Acquisition Overview
· The Boards of Nationwide and Virgin Money believe that the Acquisition will combine two complementary businesses, creating the second largest provider of mortgages and savings in the UK.
· Nationwide has grown over time through a series of historical acquisitions to become the UK’s largest building society. Nationwide remains wholly committed to being a building society and a modern mutual that meets its customers’ and members’ banking needs to a high standard.
· The Nationwide Board believes that the Acquisition will enable Nationwide to accelerate its strategy and broaden and deepen its products and services faster than could be achieved organically, whilst providing a return that will further support Nationwide’s financial strength and deliver greater value to its customers and members.
· The Nationwide Board believes that the Acquisition will create a combined group with enhanced financial strength, including through access to greater diversity of funding, notably from business deposits, and the opportunity to generate improved returns. Nationwide expects to be able to capitalise on this financial strength to support the continued provision of its ‘Fairer Share Payment’ to eligible Nationwide members and member financial benefits via mortgage and savings rates that are, on average, better than the market average, along with other incentives.
Arrangements with Virgin Enterprises and Virgin Red
· Virgin Money licenses certain rights to use the “Virgin Money” brand from Virgin Enterprises pursuant to a brand licence agreement (the “TMLA“). Nationwide recognises the significant role that the “Virgin Money” brand has played in the development of Virgin Money over time. However, as part of its longer-term integration strategy, Nationwide intends for the Virgin Money business to re-brand over time.

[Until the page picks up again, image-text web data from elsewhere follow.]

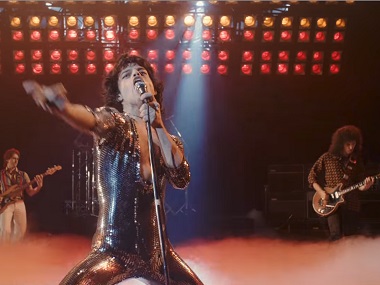 The first trailer of Queen biopic 'Bohemian Rhapsody' is out, and it's every bit as exciting as we hoped it would be The first trailer of Queen biopic 'Bohemian Rhapsody' is out, and it's every bit as exciting as we hoped it would be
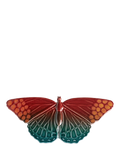 Poole Pottery butterfly ornaments Horizon set of 2, UK version
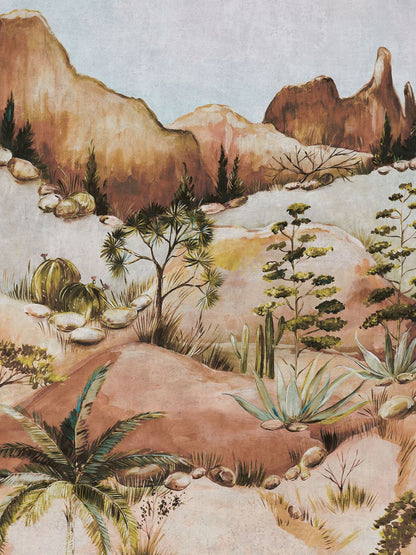 Terra Landscape Mural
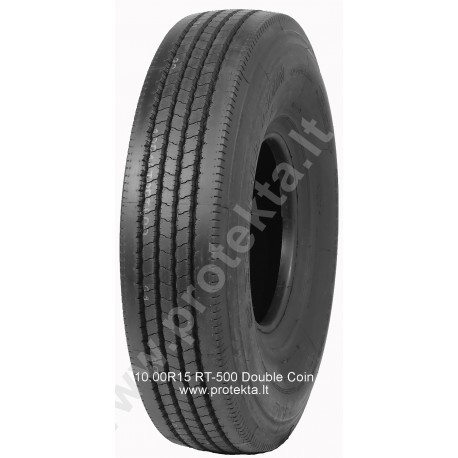 Tyre 10.00R15 RT500 Double Coin 18PR 148/145J Only tire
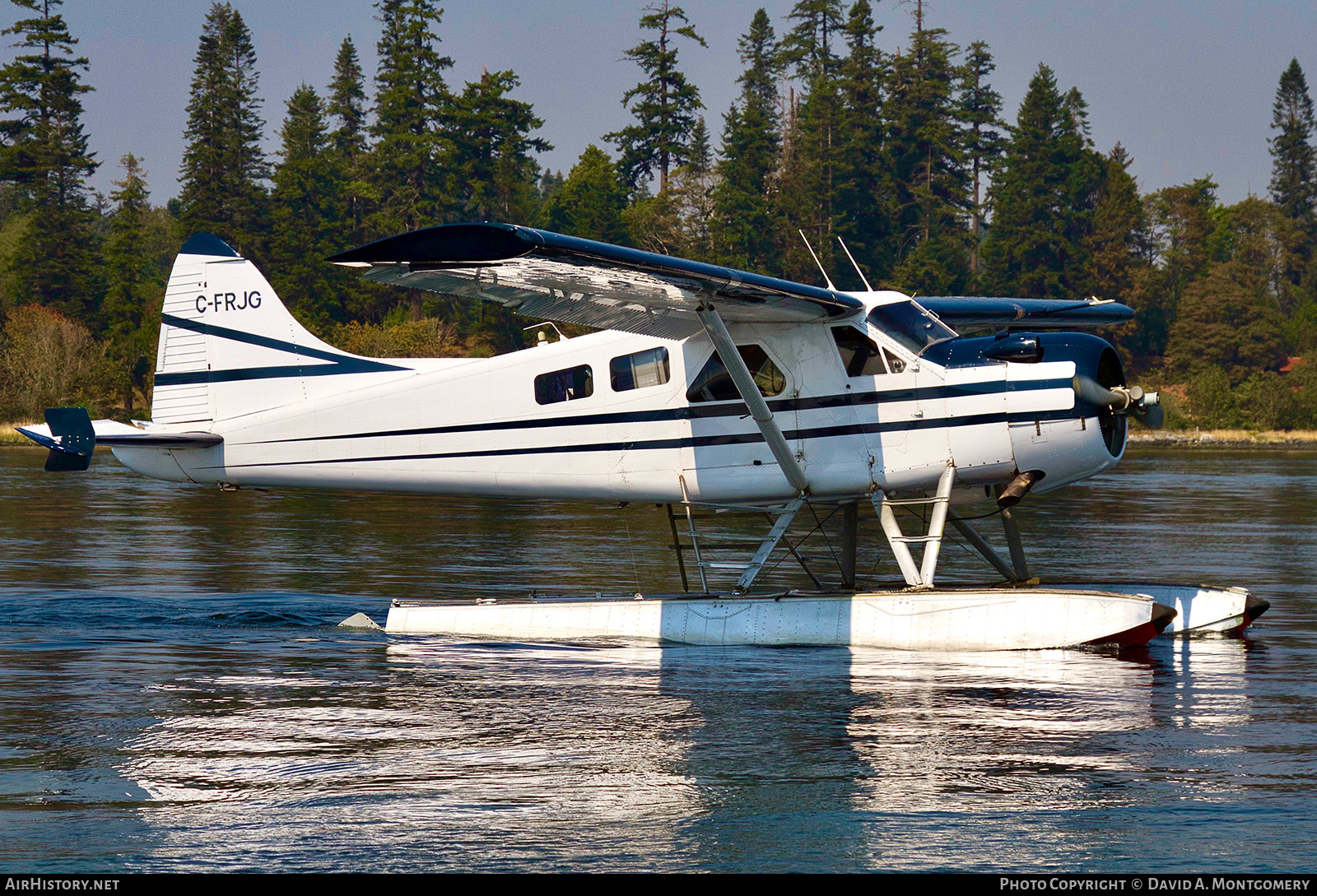 Aircraft Photo of C-FRJG | De Havilland Canada DHC-2 Beaver Mk.1 | AirHistory.net #592034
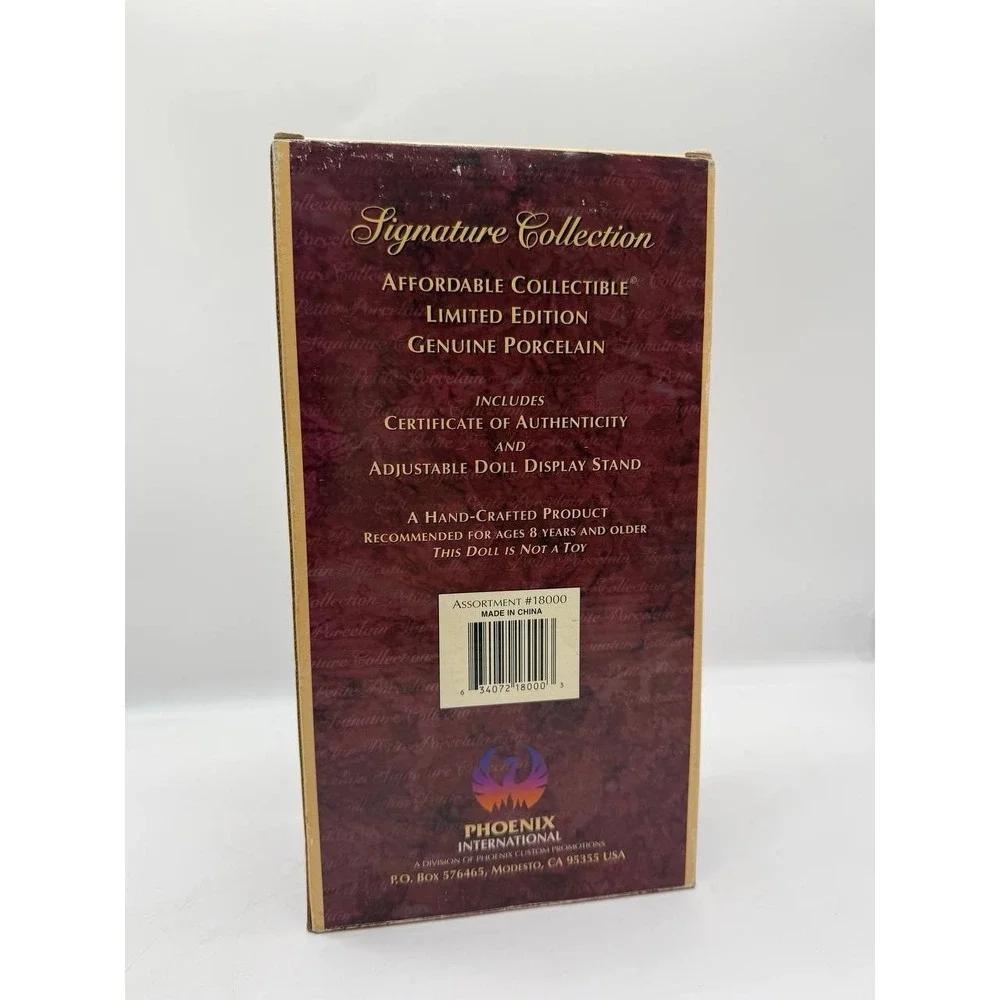 Petite Porcelains Dolls of The World Collection by Barbara Lee 2001 KADESHA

· Accordingly, prior to the date of this announcement, Nationwide and Virgin Enterprises entered into the TMLA Amendment Agreement pursuant to which they agreed that, amongst other things, the TMLA would be terminated automatically on the fourth anniversary of Completion, following which the Virgin Money business will have a two-year period to re-brand.
· In addition, Nationwide has entered into the Virgin Red Exclusivity Agreement with Virgin Red pursuant to which the parties have agreed to engage in discussions for a six-month period following Completion with respect to a potential partnership relating to the expansion of the “Virgin Red” loyalty programme to customers of the Combined Group. However, there can be no certainty at this stage that any definitive agreement relating to such a partnership will be entered into following Completion nor as to the terms of any such agreement. Certain exclusivity commitments from each party would apply from the date of the Virgin Red Exclusivity Agreement until the end of the discussion period noted above.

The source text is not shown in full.